Action item:
Could you print only the lines from the one containing "Hanging Basket Charcoal" through the end of the listing below, unchanged?

(Data for this task begins)

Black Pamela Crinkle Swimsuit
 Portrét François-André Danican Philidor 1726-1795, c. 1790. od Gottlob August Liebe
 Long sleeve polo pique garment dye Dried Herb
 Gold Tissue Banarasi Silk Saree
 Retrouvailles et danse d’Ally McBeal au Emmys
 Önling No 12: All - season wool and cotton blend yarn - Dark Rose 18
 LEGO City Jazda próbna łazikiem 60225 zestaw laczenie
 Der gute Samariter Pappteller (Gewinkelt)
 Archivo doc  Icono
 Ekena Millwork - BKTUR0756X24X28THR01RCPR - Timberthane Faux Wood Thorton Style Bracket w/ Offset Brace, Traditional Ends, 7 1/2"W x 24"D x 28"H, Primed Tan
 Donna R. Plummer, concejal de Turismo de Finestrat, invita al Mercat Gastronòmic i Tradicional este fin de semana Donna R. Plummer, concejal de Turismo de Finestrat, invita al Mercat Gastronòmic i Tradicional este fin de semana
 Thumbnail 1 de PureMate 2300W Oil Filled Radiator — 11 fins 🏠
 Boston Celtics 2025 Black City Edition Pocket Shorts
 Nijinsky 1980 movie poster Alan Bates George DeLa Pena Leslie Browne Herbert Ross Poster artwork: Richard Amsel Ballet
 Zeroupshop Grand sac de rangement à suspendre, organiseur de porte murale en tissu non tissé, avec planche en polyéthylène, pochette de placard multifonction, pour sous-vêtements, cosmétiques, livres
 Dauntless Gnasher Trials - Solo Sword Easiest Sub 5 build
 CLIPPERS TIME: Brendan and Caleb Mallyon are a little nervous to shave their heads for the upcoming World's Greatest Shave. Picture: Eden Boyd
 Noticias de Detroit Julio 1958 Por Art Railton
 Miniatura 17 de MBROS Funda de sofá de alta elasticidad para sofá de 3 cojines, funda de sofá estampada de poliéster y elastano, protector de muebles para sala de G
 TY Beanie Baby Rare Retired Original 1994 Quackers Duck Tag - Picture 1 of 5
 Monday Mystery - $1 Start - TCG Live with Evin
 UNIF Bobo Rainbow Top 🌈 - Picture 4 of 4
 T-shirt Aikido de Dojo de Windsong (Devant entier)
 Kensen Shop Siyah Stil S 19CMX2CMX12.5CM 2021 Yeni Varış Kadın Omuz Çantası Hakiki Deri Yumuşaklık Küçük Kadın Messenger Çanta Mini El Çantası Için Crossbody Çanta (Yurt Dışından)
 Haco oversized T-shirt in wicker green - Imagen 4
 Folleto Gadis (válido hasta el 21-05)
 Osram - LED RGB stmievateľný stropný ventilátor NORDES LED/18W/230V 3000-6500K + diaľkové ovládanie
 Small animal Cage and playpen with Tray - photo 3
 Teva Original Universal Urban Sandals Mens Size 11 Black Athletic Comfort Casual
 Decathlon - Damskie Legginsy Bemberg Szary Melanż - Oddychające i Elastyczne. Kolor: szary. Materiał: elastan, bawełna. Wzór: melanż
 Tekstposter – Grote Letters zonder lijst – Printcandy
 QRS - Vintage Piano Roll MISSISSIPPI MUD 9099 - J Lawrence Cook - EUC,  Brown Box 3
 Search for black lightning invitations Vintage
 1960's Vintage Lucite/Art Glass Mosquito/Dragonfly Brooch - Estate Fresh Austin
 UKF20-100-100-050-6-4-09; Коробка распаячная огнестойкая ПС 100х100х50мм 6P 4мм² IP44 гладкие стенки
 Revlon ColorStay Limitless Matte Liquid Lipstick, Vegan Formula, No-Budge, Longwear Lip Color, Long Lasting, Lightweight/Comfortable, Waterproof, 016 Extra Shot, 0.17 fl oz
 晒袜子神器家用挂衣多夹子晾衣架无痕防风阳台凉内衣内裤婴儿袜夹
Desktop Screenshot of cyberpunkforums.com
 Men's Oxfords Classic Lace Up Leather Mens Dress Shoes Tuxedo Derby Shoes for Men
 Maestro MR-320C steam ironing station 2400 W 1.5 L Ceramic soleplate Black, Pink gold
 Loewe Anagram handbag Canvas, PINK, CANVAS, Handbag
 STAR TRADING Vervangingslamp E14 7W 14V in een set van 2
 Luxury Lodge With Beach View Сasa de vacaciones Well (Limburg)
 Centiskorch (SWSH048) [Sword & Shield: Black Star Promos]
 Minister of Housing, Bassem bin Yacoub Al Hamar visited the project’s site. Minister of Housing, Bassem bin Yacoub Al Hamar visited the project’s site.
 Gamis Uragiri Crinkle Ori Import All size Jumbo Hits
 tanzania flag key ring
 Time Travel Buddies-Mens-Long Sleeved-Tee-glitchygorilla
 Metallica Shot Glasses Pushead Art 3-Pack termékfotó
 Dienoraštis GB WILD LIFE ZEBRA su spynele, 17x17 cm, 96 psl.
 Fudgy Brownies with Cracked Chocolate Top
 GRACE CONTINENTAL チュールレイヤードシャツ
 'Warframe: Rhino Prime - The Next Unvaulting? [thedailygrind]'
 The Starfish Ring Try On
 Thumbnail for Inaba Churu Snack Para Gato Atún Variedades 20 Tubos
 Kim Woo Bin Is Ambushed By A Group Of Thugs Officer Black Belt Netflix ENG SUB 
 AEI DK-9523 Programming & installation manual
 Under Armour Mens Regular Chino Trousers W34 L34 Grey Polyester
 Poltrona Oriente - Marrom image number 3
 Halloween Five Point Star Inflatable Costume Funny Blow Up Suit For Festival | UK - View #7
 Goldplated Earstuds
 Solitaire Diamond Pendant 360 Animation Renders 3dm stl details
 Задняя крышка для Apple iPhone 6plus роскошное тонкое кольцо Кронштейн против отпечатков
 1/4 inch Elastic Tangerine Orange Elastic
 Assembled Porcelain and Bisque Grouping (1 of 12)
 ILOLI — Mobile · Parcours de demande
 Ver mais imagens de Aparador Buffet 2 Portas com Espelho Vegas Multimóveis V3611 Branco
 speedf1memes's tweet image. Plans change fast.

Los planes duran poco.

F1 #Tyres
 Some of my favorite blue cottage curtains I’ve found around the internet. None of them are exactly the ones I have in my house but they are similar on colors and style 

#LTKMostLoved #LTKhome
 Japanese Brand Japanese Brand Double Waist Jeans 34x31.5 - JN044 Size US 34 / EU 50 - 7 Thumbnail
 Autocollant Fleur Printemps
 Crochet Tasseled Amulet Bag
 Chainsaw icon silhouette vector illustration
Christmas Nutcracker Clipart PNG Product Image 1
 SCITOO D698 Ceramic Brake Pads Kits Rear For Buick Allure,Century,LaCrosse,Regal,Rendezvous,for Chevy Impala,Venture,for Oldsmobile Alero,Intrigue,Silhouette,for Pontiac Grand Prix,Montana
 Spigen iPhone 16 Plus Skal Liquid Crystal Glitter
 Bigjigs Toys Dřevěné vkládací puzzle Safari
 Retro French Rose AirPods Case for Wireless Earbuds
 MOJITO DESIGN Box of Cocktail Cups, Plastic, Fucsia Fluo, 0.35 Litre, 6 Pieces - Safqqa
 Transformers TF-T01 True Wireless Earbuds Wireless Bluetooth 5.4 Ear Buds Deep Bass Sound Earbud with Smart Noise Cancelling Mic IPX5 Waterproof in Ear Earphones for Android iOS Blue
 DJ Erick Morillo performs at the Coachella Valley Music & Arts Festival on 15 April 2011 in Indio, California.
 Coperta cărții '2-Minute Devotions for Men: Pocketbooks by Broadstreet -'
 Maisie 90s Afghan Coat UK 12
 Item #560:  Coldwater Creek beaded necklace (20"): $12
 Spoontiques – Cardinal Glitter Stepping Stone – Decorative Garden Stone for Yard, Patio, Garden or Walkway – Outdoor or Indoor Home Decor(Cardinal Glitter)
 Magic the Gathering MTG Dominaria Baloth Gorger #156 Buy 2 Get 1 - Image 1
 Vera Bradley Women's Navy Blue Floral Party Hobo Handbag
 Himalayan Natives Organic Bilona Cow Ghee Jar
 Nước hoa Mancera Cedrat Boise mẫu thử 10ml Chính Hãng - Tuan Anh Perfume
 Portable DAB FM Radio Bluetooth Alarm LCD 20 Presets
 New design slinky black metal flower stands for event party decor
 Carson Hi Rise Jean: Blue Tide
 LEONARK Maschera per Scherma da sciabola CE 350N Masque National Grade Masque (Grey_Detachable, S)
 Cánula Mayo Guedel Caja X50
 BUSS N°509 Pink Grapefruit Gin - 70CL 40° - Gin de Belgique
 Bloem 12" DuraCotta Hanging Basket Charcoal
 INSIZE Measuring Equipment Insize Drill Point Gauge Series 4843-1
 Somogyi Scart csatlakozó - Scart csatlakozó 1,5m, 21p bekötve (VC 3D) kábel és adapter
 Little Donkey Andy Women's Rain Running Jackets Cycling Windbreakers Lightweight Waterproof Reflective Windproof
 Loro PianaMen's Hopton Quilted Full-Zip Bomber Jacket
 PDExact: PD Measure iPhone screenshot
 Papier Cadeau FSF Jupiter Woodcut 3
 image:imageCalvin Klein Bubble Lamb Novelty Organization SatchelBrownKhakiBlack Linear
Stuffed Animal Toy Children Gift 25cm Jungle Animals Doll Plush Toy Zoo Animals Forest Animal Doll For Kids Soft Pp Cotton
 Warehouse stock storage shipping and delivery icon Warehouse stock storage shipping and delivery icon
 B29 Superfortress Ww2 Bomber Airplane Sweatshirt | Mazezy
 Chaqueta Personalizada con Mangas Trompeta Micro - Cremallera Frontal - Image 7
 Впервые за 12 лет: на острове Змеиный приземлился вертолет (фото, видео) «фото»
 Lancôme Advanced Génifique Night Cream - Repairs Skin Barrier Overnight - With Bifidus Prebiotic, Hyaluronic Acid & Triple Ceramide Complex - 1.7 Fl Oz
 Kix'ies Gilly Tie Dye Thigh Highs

(Data for this task ends)

Completed task:
 Bloem 12" DuraCotta Hanging Basket Charcoal
 INSIZE Measuring Equipment Insize Drill Point Gauge Series 4843-1
 Somogyi Scart csatlakozó - Scart csatlakozó 1,5m, 21p bekötve (VC 3D) kábel és adapter
 Little Donkey Andy Women's Rain Running Jackets Cycling Windbreakers Lightweight Waterproof Reflective Windproof
 Loro PianaMen's Hopton Quilted Full-Zip Bomber Jacket
 PDExact: PD Measure iPhone screenshot
 Papier Cadeau FSF Jupiter Woodcut 3
 image:imageCalvin Klein Bubble Lamb Novelty Organization SatchelBrownKhakiBlack Linear
Stuffed Animal Toy Children Gift 25cm Jungle Animals Doll Plush Toy Zoo Animals Forest Animal Doll For Kids Soft Pp Cotton
 Warehouse stock storage shipping and delivery icon Warehouse stock storage shipping and delivery icon
 B29 Superfortress Ww2 Bomber Airplane Sweatshirt | Mazezy
 Chaqueta Personalizada con Mangas Trompeta Micro - Cremallera Frontal - Image 7
 Впервые за 12 лет: на острове Змеиный приземлился вертолет (фото, видео) «фото»
 Lancôme Advanced Génifique Night Cream - Repairs Skin Barrier Overnight - With Bifidus Prebiotic, Hyaluronic Acid & Triple Ceramide Complex - 1.7 Fl Oz
 Kix'ies Gilly Tie Dye Thigh Highs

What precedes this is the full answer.